**Problem description:** Would you repeat the entries below exactly and omit the pictures?

**Exercise materials:**
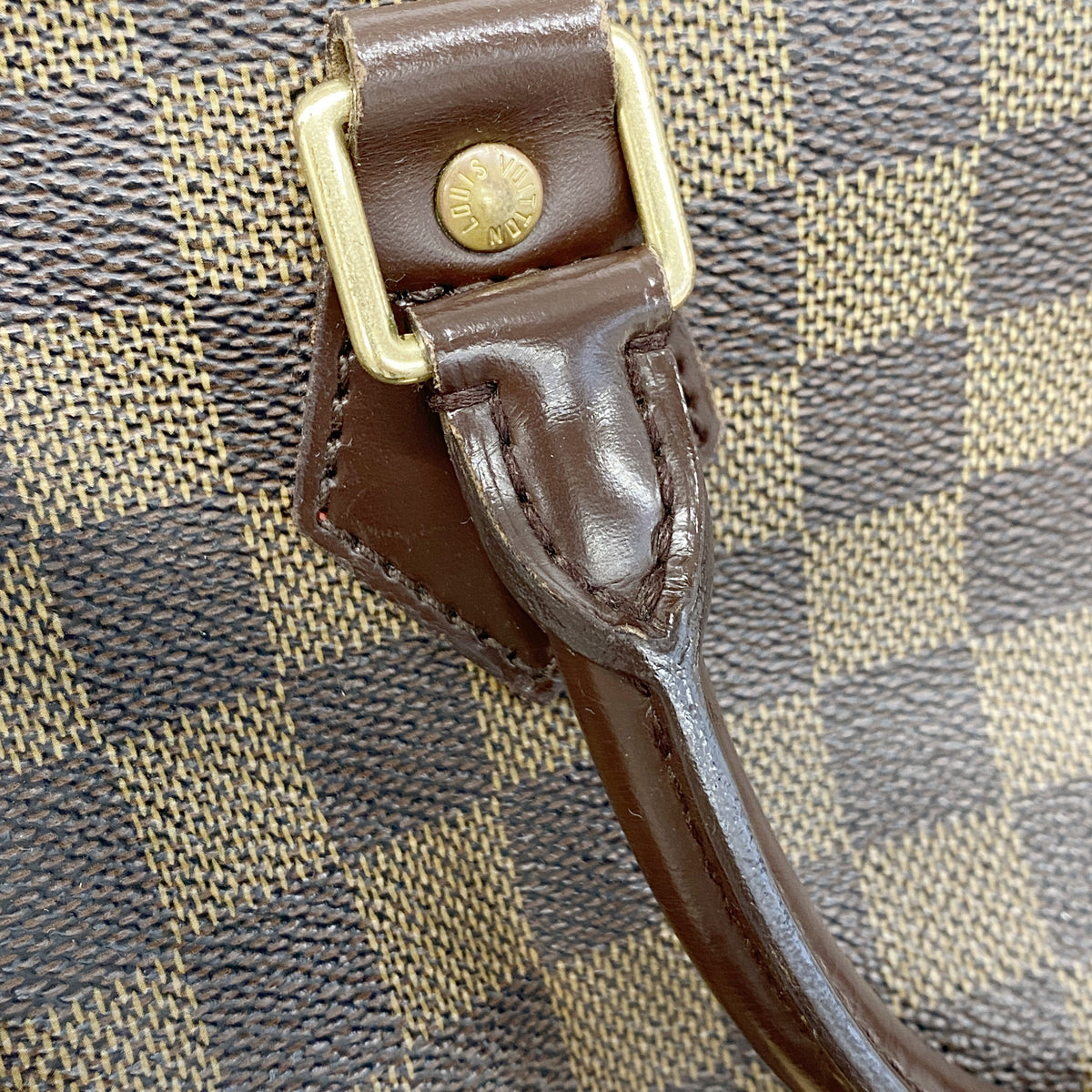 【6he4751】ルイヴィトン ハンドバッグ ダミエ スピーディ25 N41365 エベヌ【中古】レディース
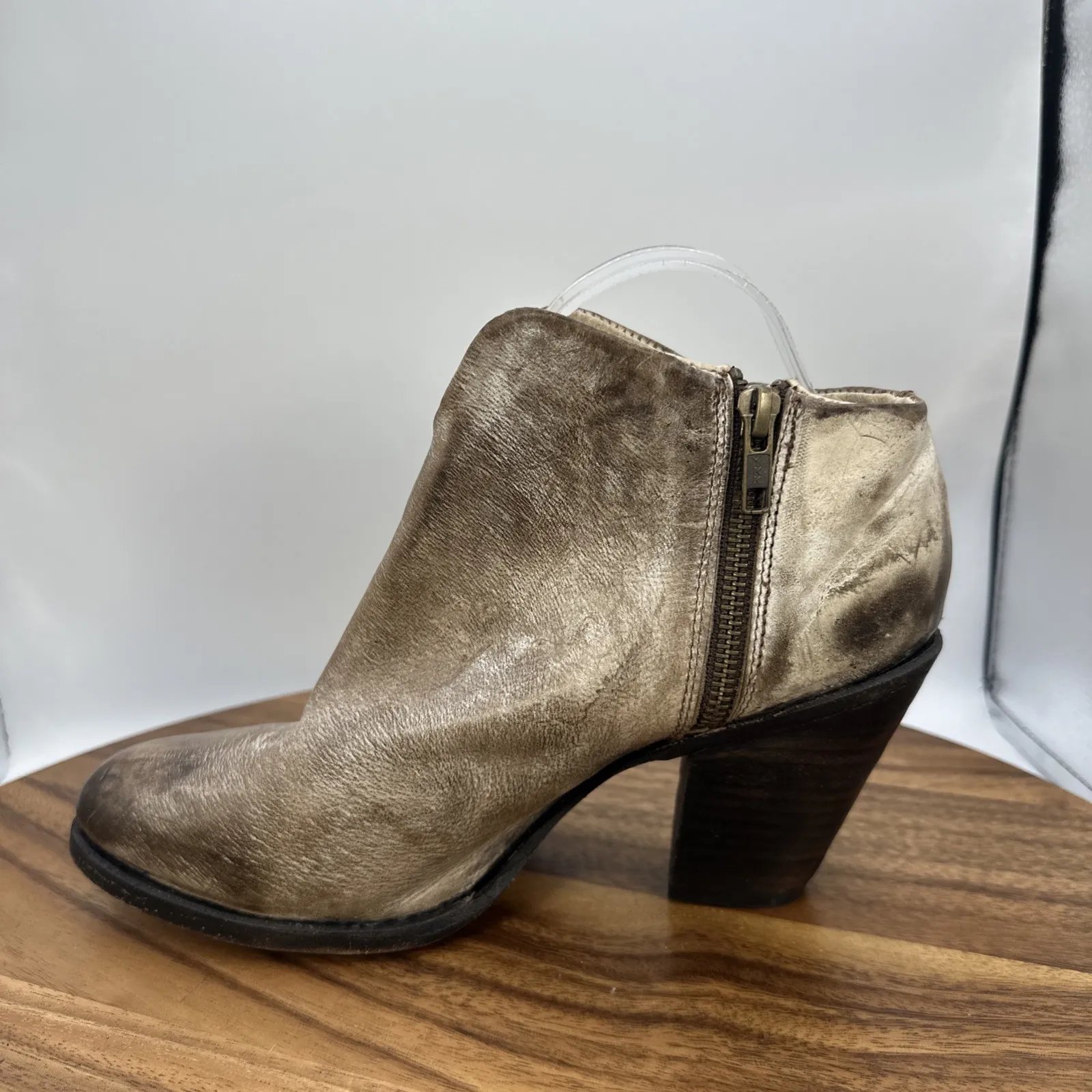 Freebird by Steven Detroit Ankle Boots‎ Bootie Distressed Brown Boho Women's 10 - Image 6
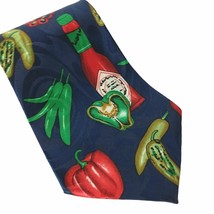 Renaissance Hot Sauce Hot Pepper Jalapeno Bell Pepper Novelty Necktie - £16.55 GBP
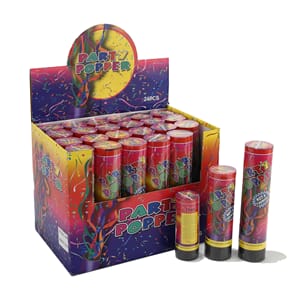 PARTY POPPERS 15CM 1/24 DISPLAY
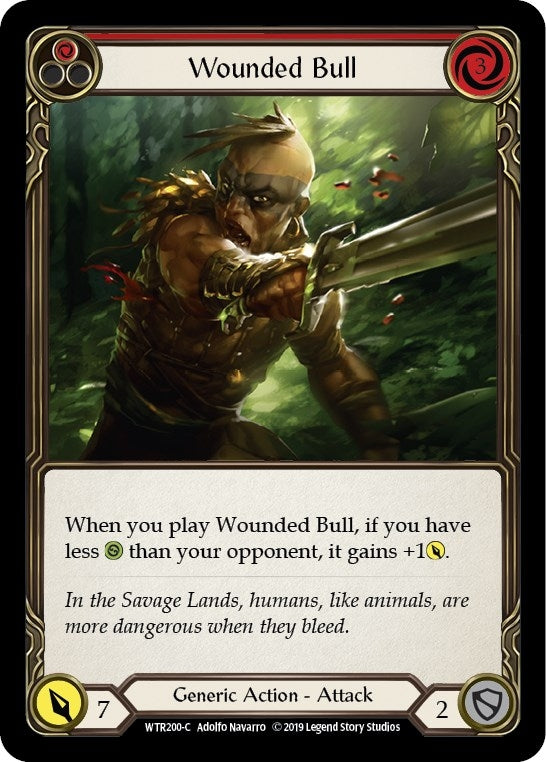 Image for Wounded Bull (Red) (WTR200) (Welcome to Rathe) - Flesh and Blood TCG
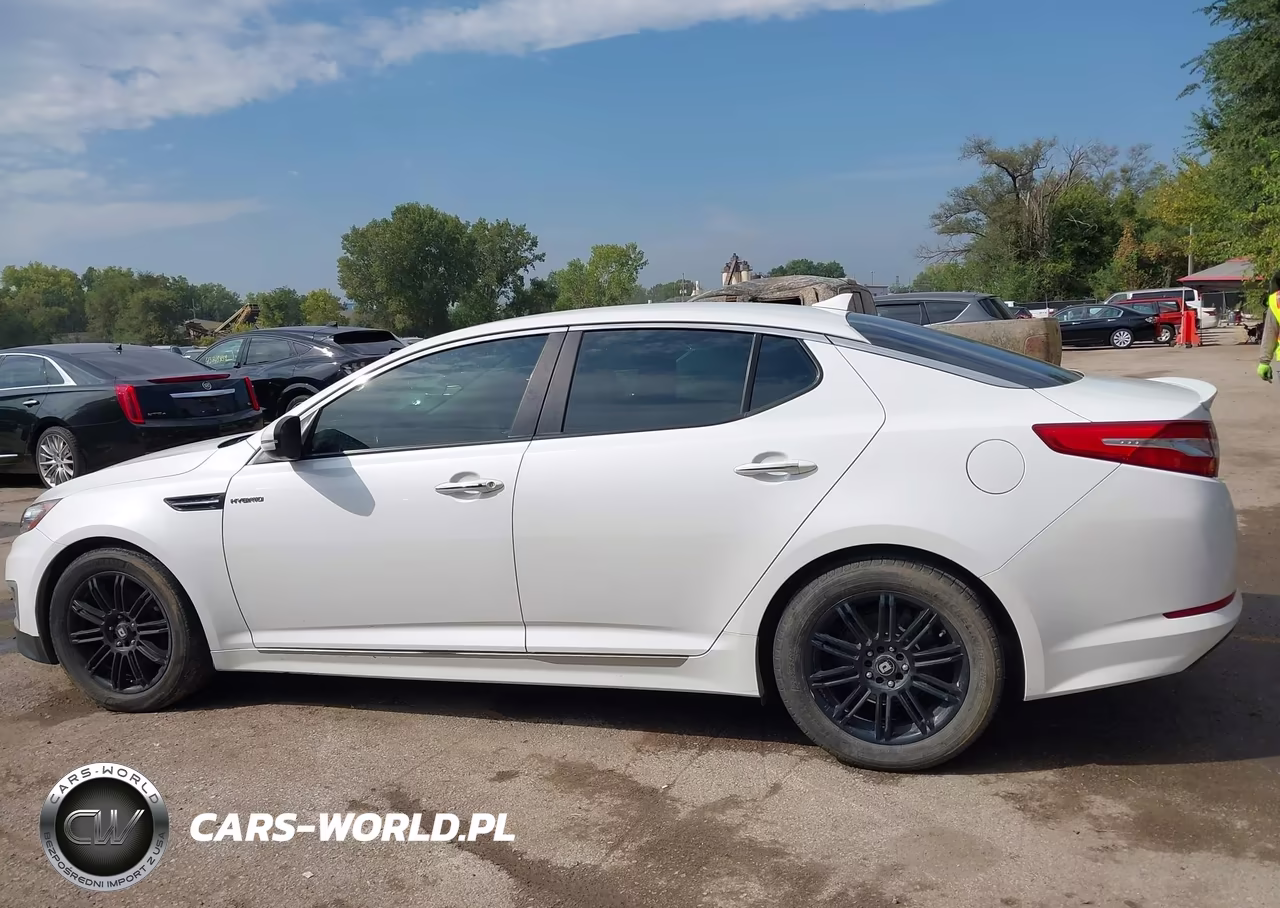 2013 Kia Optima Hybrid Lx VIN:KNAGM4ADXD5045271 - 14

**Written response:**
 【6he4751】ルイヴィトン ハンドバッグ ダミエ スピーディ25 N41365 エベヌ【中古】レディース
 Freebird by Steven Detroit Ankle Boots‎ Bootie Distressed Brown Boho Women's 10 - Image 6
 Renaissance Hot Sauce Hot Pepper Jalapeno Bell Pepper Novelty Necktie - £16.55 GBP
 PARTY POPPERS 15CM 1/24 DISPLAY
 Image for Wounded Bull (Red) (WTR200) (Welcome to Rathe) - Flesh and Blood TCG
 2013 Kia Optima Hybrid Lx VIN:KNAGM4ADXD5045271 - 14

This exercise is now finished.